The dependency of AI chips on compilers depends on the design of the chips themselves. The more flexible the chip, the greater its dependency on compilers. In the early design of AI chips, there was a CISC style that resolved optimizations internally within the chip. However, as dedicated domains evolve to support more flexible demands, AI chips themselves will become increasingly flexible while retaining tensor instruction sets and special memory structures. Future architects will need to design chips and systems in collaboration, with automation increasingly applied to dedicated chips.
Future#
- Compiler Forms: Separate inference and training, coexistence of AOT and JIT compilation methods.
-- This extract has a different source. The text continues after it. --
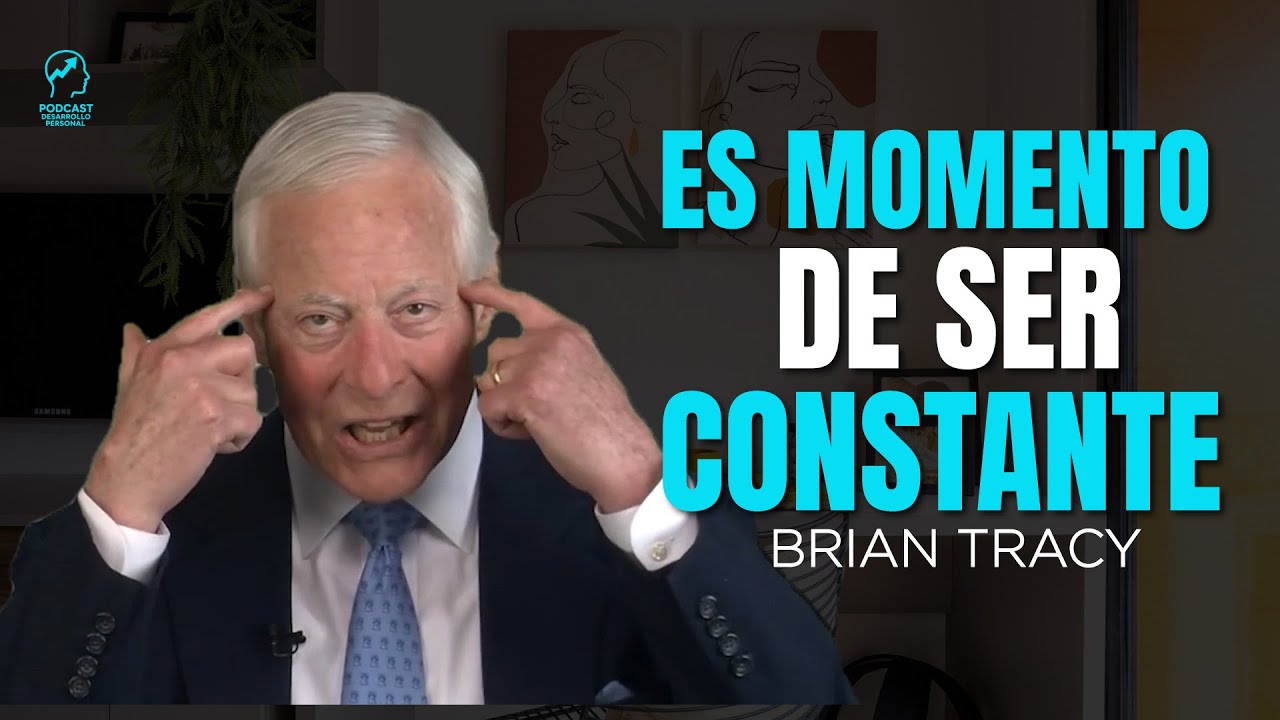  Te enseñare a NO RENDIRTE en solo 35 minutos | Brian Tracy en Español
- IR Forms: Need a unified IR representation for AI similar to MLIR.
- Automatic Parallelism: Provide compilation optimization capabilities for automatic parallelism across machines and nodes.
- Automatic Differentiation: Provide methods for computing higher-order differentiation and facilitate operations on graphs.
- Automatic Kernel Generation: Lower development barriers and quickly implement efficient and highly generalized operators.